The Liga ACB Presentation Games were exhibition matches at the start of a basketball season organised by the Spanish basketball league in the early 90s and they lasted for two seasons in 1990-91 and 1991-92. The games were both hosted in Palau Sant Jordi, in Barcelona, the home arena of Barcelona at the time. The main attraction of those exhibition games which could also be considered equivalent to the Spanish All-Star Game were the participations of NBA superstars: Michael Jordan in the 1990 edition and his teammate in the Chicago Bulls, Scottie Pippen and Philadelphia 76ers player Charles Barkley in the 1991 edition. David Robinson of San Antonio Spurs was also part of the 1991 edition but a hamstring injury kept him on the bench for the entire match.

== Concept ==
The game was a contest between the Orange (Narranja) and the Blues (Azul), teams which included the best players of the Liga ACB, a league considered the top in Europe, alongside the Italian. The NBA invitees would play for both teams, one half for each. Jordan had not won any NBA championship when he participated in the 1990 Liga ACB Presentation Game, but he would go on to win 6 rings in his career.

==List of games==
Bold: Team that won the game.

| Year | Date | Arena | City | Team | Score | Team |
|---|---|---|---|---|---|---|
| 1990 | August 30 | Palau Sant Jordi | Barcelona | Team Azul | 100-87 | Team Narranja |
| 1991 | September 3 | Palau Sant Jordi | Barcelona | Team Azul | 117-110 | Team Narranja |

==1990 ACB Presentation match==
Palau Sant Jordi, att: 12,000, 30 August 1990: Team Azul - Team Orange 100-87.

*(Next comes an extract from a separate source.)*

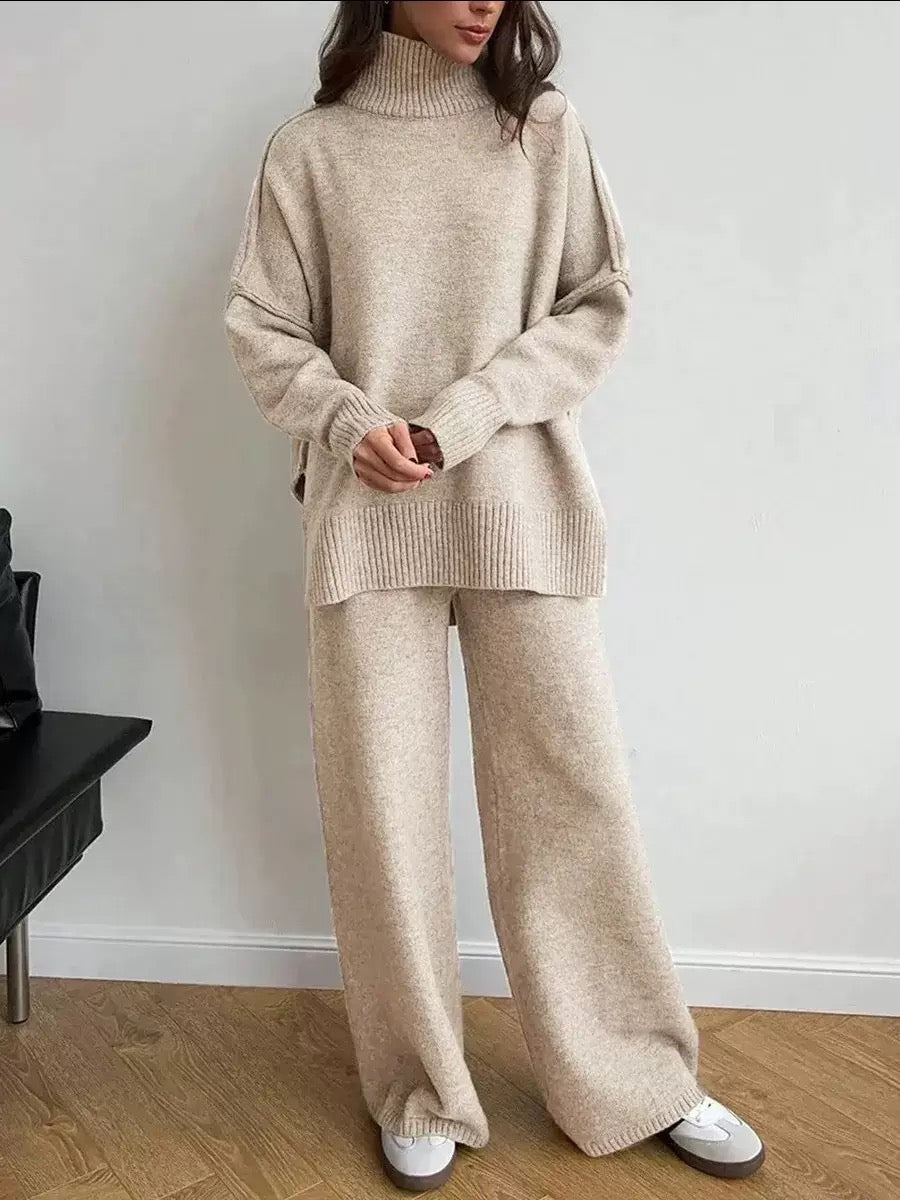 Ivory premium knit co-ord set with relaxed turtleneck sweater and wide-leg pants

Michael Jordan started with the Orange team and switched at the second half with the blue jersey. The end of the game found him on the winning side.

===Rosters===

Team Azul
| Number | Player | Team |
|---|---|---|
| 6 | José Miguel Antúnez | Estudiantes Madrid |
| 10 | Joan Creus | CB Granollers |
| 23 | Michael Jordan | Chicago Bulls |
| 31 | Mike Smith | Unicaja Malaga |
| 33 | Mike Davis | CB Granollers |
| 40 | Jordi Villacampa | Joventut Badalona |
| 42 | Dan Bingenheimer | Caja San Fernando Sevilla |
| 45 | Rickie Winslow | Estudiantes Madrid |
| 51 | Corny Thompson | Joventut Badalona |
| 54 | Kevin Magee | CAI Zaragoza |
| Coach |  |  |

Team Narranja
| Number | Player | Team |
|---|---|---|
| 0 | José Luis Llorente | Real Madrid |
| 11 | José Antonio Montero | Barcelona |
| 23 | Michael Jordan | Chicago Bulls |
| 30 | Carl Herrera | Real Madrid |
| 32 | Antonio Martín Espina | Real Madrid |
| 35 | Walter Berry | Atletico Madrid Villalba |
| 41 | Brian Jackson | Peñas Huesca |
| 44 | Mark Simpson | CB Caja Bilbao |
| 52 | Ramon Rivas | Taugres |
| 55 | Audie Norris | Barcelona |
| Coach |  |  |

===Michael Jordan's statistics===

| Player | First-half | Second-half | Points | 3-points | Team Narranja Pts | Team Azul Pts |
|---|---|---|---|---|---|---|
| USA Michael Jordan | Orange | Blue | 37 | 6/7 | 16 | 21 |

==1991 ACB Presentation match==
Palau Sant Jordi, att: 12,500, 3 September August 1991: Team Azul - Team Orange 117-110 (ht: 51-57).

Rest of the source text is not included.